Let us look at a small example of a project in which the durations of activities are known and predetermined. The table below provides information on the structure of the graph and the duration of activities in some example project. The same dataset is available in the critpath package as cpmexample1. As you can see, the start and end nodes are given for each activity. The data set should be prepared in the form of a data frame. This approach results from the use of the DiagrammeR package, which requires specifying the graph structure as pairs of nodes that start and end a given activity.

Tab. 1. Data loaded based on the start and end nodes
Start. node End. node Name Duration
1 2 A 3
1 3 B 2
1 4 C 5
2 4 D 1
3 4 E 1
4 5 F 3

Usually we know what the graph looks like before solving the project management problem but let’s assume that at the moment we don’t. With the help of the plot_graphAOA() function we will create a graph based on the data from Table 1. The function takes two arguments: data frame with … well, data and whether the durations are deterministic.

The data frame should have the same structure as in Table 1. The order of the columns is important, not their names. The first two columns contain the numbers of the starting and ending nodes. The next column contains the names of activities and the last one times of their duration. All package functions that use the data frame as an argument must keep this structure.

plot_graphAOA(cpmexample1)

Fig. 1. Graph for the cpmexample1 dataset

That was the first method of loading an AOA project. Now we’re going to use the list of predecessors. Let’s look at the next table. This example comes from a book (Miszczyńska D., Miszczyński M. 2000) unfortunately available only in Polish.

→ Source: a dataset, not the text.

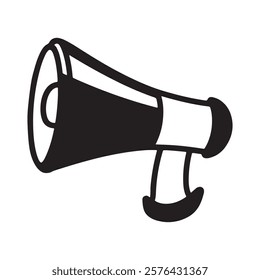 megaphone silhouette vector illustration icon type design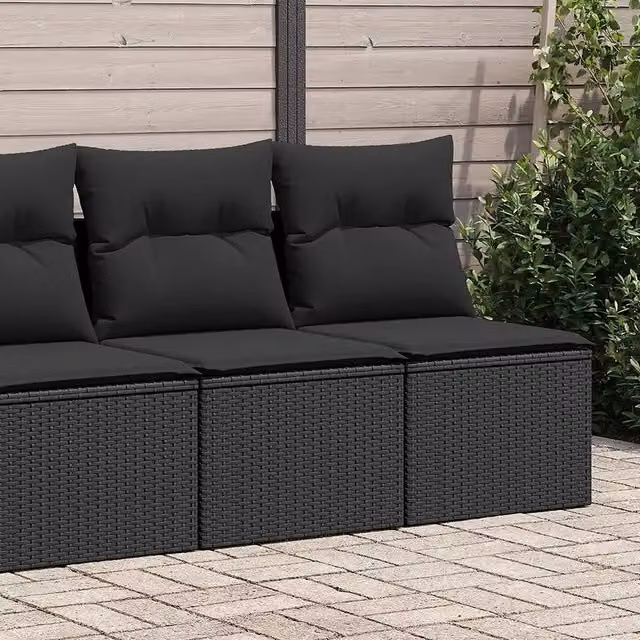 Set di Divani da Giardino vidaXL in Polyrattan Nero con Cuscini e Coperture Rimovibili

Tab. 2. Data loaded from the list of activity predecessors
Name Predecessors Duration
A NA 6
B NA 2
C A 4
D A 6
E A 3
F C,D 2
G D 5
H B,E 3
I H 2
J F,G,I 2

A very important difference is the appearance of the NA symbol, which in this case means lack of a immediately preceding activity. Activities A and B are not preceded by other activities, so the whole project starts from them. If the activity has several predecessors, their names should be separated by commas. Moreover, this example contains one dummy activity because C and D have the same start and end nodes. This dataset is available in the critpath package as cpmexample2.

plot_graphAOA(cpmexample2, predecessors = TRUE)

Fig. 2. Graph for the cpmexample2 dataset

Dummy activities are marked with a dashed line. The examples above assumed a deterministic durations of activities, but for durations as a random variables, the graph structure should also be given in one of the ways listed.

The list of immediately preceding activities must be transformed into a set of pairs of start and end nodes. This is the only way to create a graph in the DiagrammeR package. We used an algorithm by Cohen and Sadeh. This algorithm not only creates a from-to list for activities, but also allows dummy activities to be added to the graph. However, it has a disadvantage. After adding dummies, it is very likely that for some activities the start node number will be higher than the end node number. This can lead the critpath package to incorrect results, e.g. incorrect project completion date. Therefore, a function has been added that renumbers the nodes so that the starting node has a lower number than the end one.

Graphs are drawn by the render_graph() function from the DiagrammeR package using the Fruchterman-Reingold algorithm. It is to guarantee, among others not intersecting the edges, but this is not always possible. Besides, subsequent runs of this function for the same problem can produce (and often do) a graph that is placed on the plane in a slightly different way each time. However, this can be controlled using the seed parameter.